Do you ever want to just totally disassociate yourself from the conversation? Do you feel like that's something that you would even be able to do at this point?

I definitely think it's something I can do, and yes, I'm happy to have the conversation insofar as it then becomes a useful way to look at the problem for other people. But I also feel that I do have the power to escape it, I do have the power to listen to music or go to the museum or read a book and undergo that submission.

I went to the Chicago Art Institute the other day and I sort of jogged through the Picasso rooms. I was on my way to look at a special exhibition of Dalí's work there. I walked through Dalí and I just couldn't escape the conversation while I was in that room, about history, about biography. I left, and I went and wandered around a bunch of other galleries and was able to move from this more determined conversation into that more porous, submissive, transported kind of experience that real looking actually involves.

I always think about this book by Lawrence Weschler about the minimalist artist Robert Irwin. The title of the book is something Irwin once said, which is “Seeing Is Forgetting the Name of the Thing One Sees.” I feel like that's so much the ideal state. I think that doesn't mean we ignore the biography, I think that it's okay to have a complicated seeing. I think it's okay to know, I think it's good to listen to people when they say something awful has happened, and then also, it's good to try to really apprehend the work as it is.

As an artist yourself, there is that chapter called “Am I A Monster?” I'm curious why you wanted to interrogate your own monstrosity.

I'm going to say an absolute thing, which is very unlike me, but I don't think that you can be a good memoirist and not self-indict. I think that if you're writing about something, or looking at a topic as a memoirist, you have to turn the pointing finger back at yourself. It was a very natural place for me to go as somebody who’s written a memoir. I would say that there's a couple intellectual and political projects in the book, and one of them is to subvert the idea of critical authority and carry a banner for subjectivity, to carry a banner for the idea that we're all writing out of our own subjectivity. It was really important for me that the book reflect that subjectivity in its form, in its structure. I wanted to reinforce that idea in the way the book itself was made, and so that was one of the other reasons I came back to “Am I A Monster?”

The fact that so many people asked: “Can I still listen to Bowie?” really stuck with me. Can you talk about the role of the fan who gets something so visceral out of someone’s art?
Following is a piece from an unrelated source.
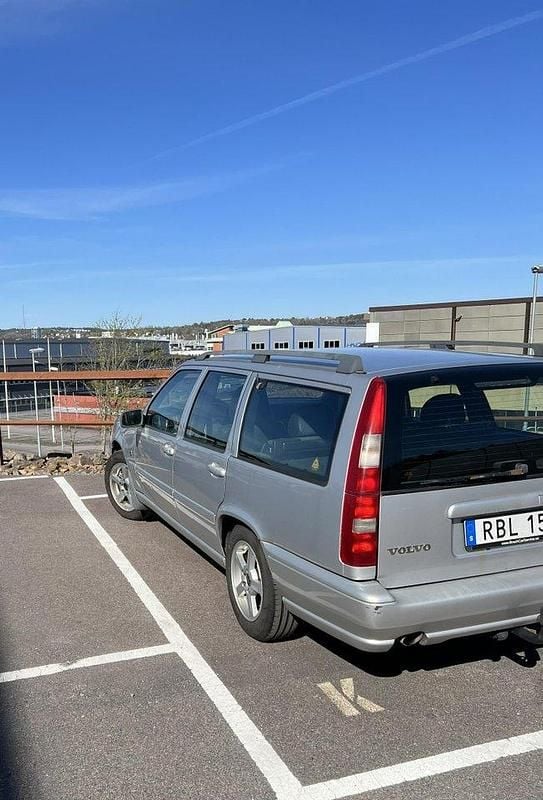 Grå Begagnad 2000 Volvo V70 Kombi | 11 000 kr (Lite dyr) - Bild 1/4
I think he does feel so important in terms of that mysterious thing that happens when you're very young, where music simultaneously makes you more your individual self, and also makes you part of a group, whether real or imagined. It's this simultaneous affirmation of your solo identity, and then a belonging to this race of aliens that he seems to belong to. He really captures that, and I think that's why he feels so important to people.

Something about those synapses firing when you're young makes it so much harder to let go of something that you deeply love and feel seen by.

It's interesting to think about this idea that maybe we let go of those things when we're older because we're just hanging onto nostalgia. At the same time, maybe the young have a different responsibility, because they are in the throes of this often very painful identity formation, and they need the help of art. They feel things so deeply; they need art, in a way that honestly I feel is a model for how I want my relationship to art to be, because they are undergoing that submission that Shirley Hazzard's talking about. And to me, that's a dream to be in that state. When I find myself in that state as a middle-aged person, I'm thrilled.

This interview has been edited and condensed for clarity.